Your task | Please repeat exactly the lines from the one containing "Astra Abstract High" through the last line of the records below, both included, and leave out any pictures.

Short text fragments from websites
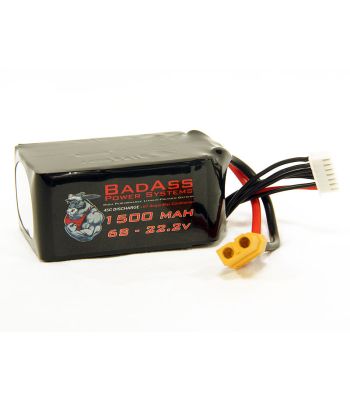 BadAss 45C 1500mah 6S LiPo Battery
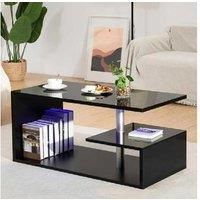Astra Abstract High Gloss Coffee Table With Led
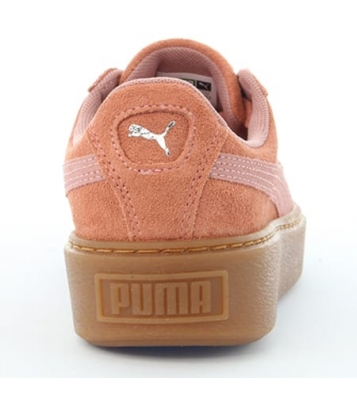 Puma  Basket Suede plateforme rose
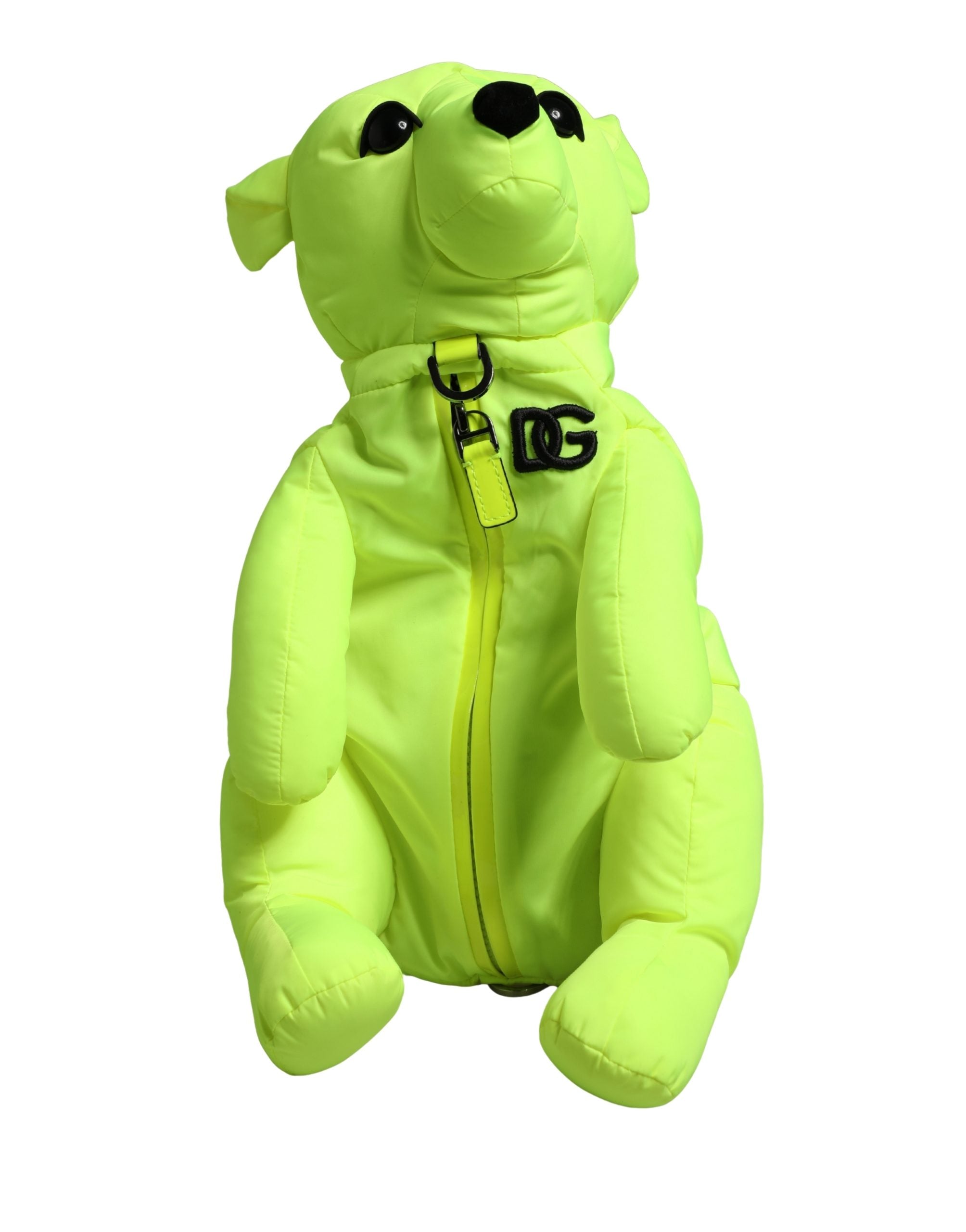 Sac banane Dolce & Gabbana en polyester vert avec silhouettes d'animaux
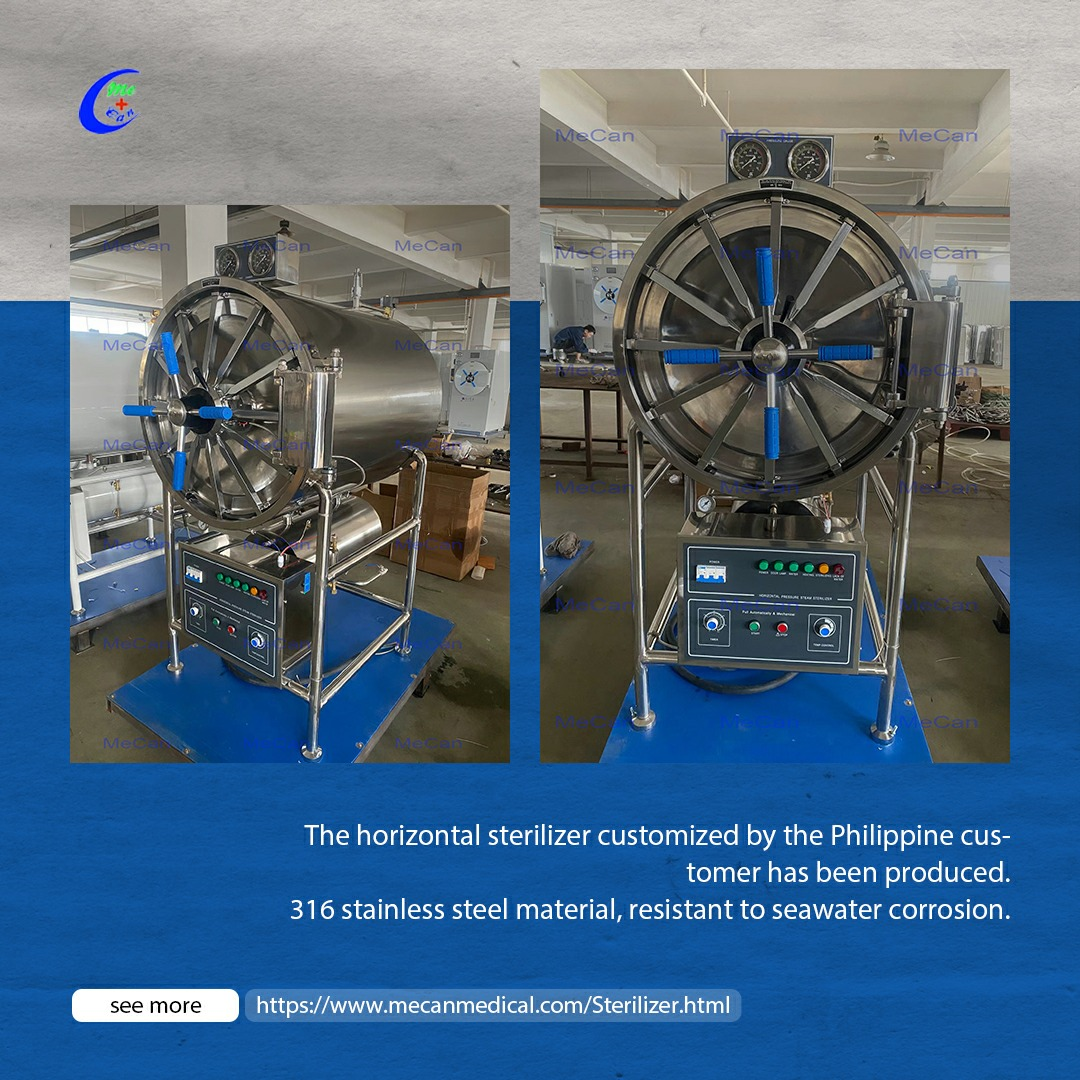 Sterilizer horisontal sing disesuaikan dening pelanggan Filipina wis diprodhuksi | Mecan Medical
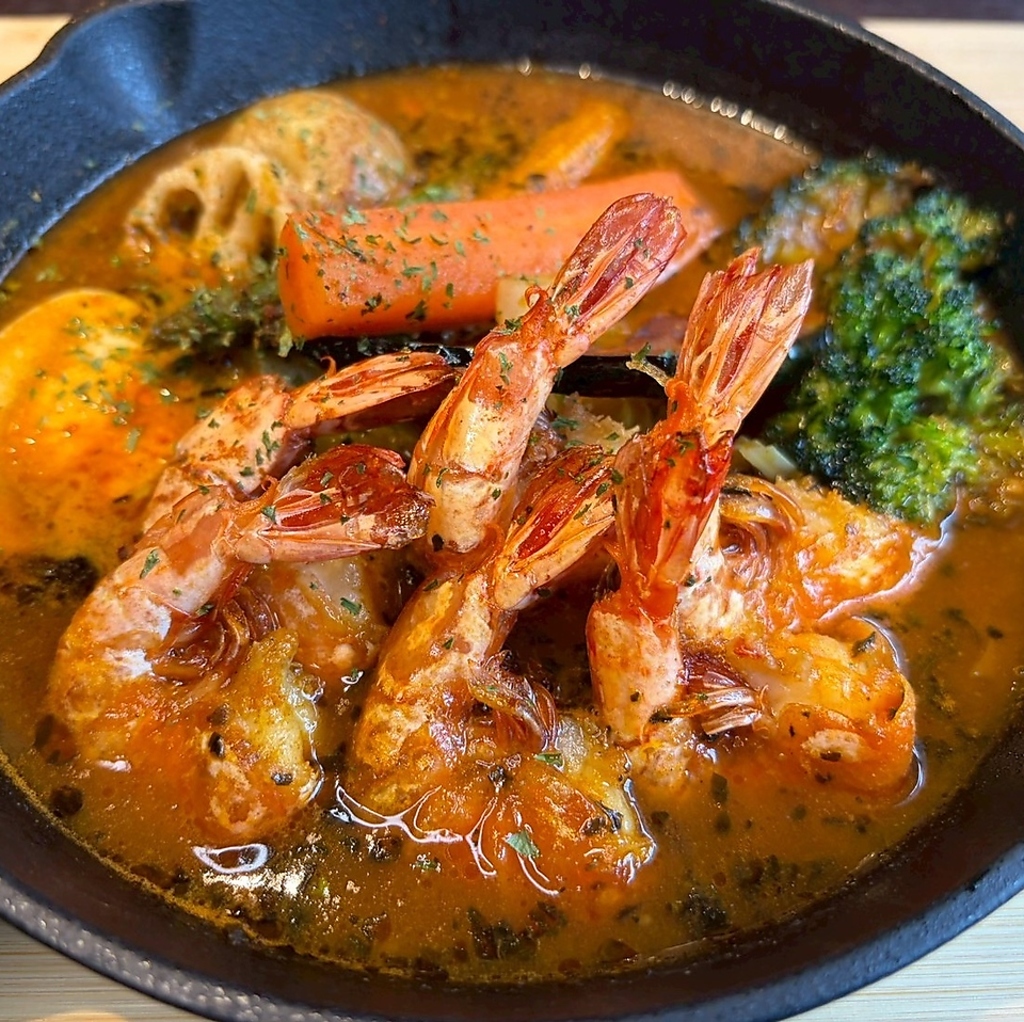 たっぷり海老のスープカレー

Solved exercise |
Astra Abstract High Gloss Coffee Table With Led
 Puma  Basket Suede plateforme rose
 Sac banane Dolce & Gabbana en polyester vert avec silhouettes d'animaux
 Sterilizer horisontal sing disesuaikan dening pelanggan Filipina wis diprodhuksi | Mecan Medical
 たっぷり海老のスープカレー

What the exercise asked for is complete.